● Work task
Restate exactly the lines below, from the one containing "Chat Stats for WhatsApp應用截圖第1張" through the final line, and leave out the pictures.

● Source material
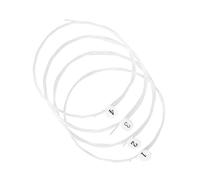 UPKOCH 4pcs Nylon Ukulele Strings for Ukulele Replacement Music Wire for Instrument Repair and -term Use Practical Accessory for Musicians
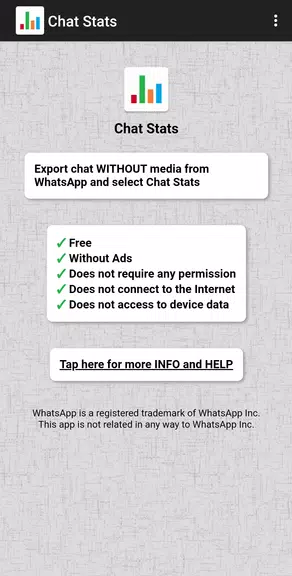 Chat Stats for WhatsApp應用截圖第1張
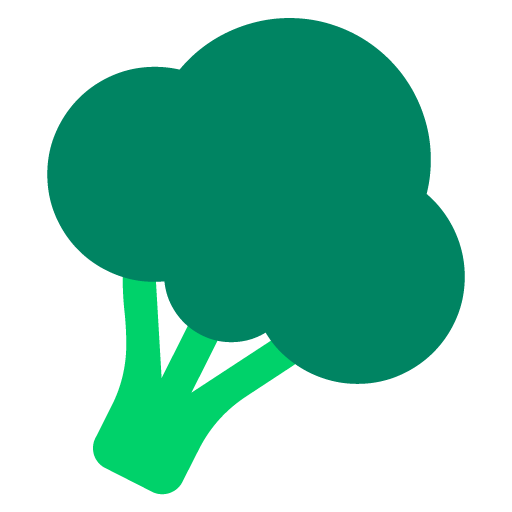 Microsoft design of the broccoli emoji verson:Windows-11-22H2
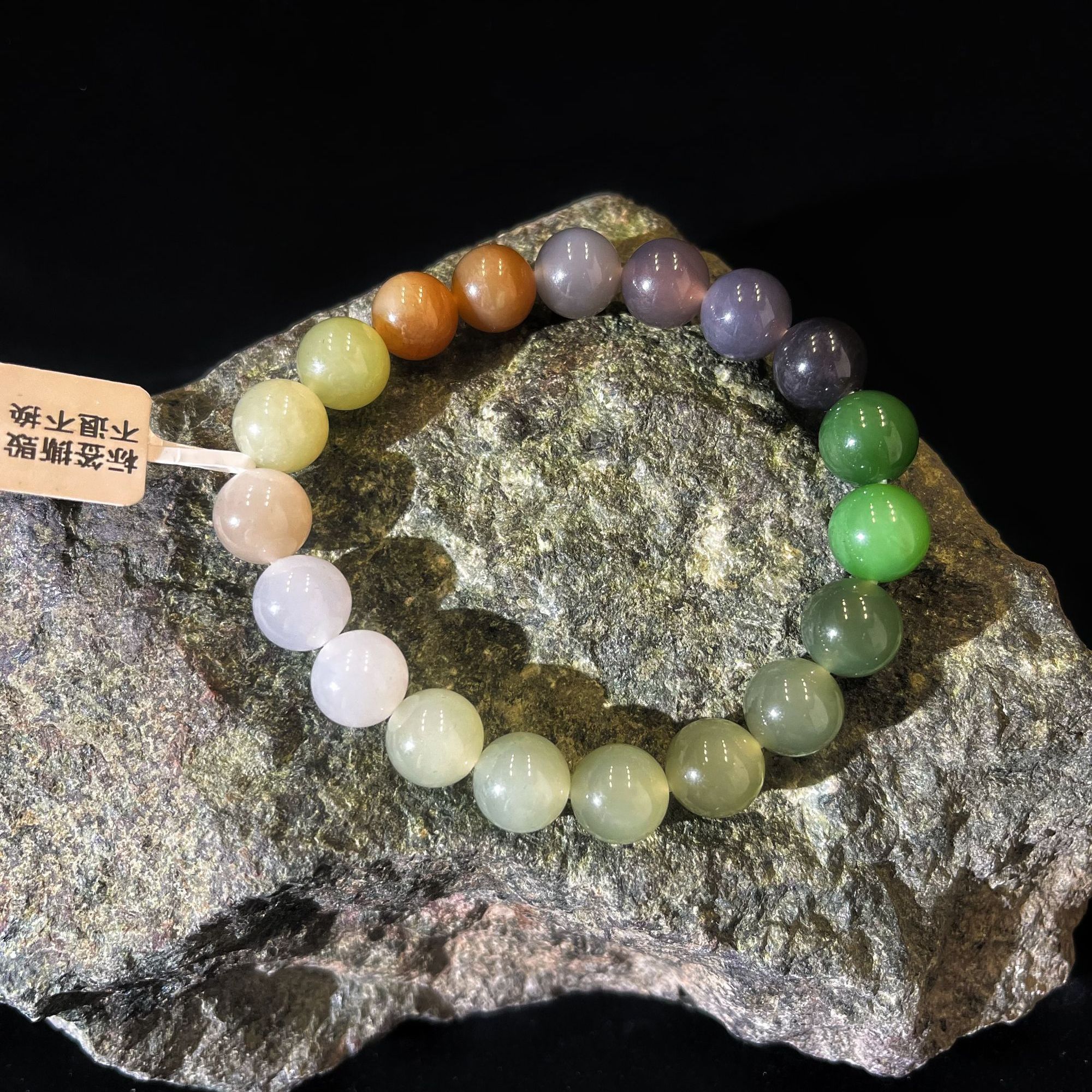 【V姐珠宝】GN90604 和田玉多宝手串 10mm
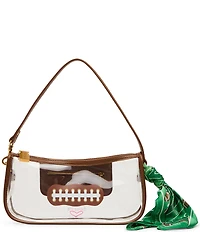 Betsey Johnson Miss Touchdown Clear Football Shoulder Bag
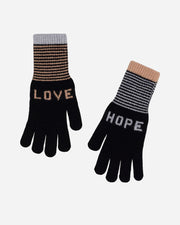 LOVE + HOPE CONTRAST GLOVES FOSSIL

● Response to the task
 Chat Stats for WhatsApp應用截圖第1張
 Microsoft design of the broccoli emoji verson:Windows-11-22H2
 【V姐珠宝】GN90604 和田玉多宝手串 10mm
 Betsey Johnson Miss Touchdown Clear Football Shoulder Bag
 LOVE + HOPE CONTRAST GLOVES FOSSIL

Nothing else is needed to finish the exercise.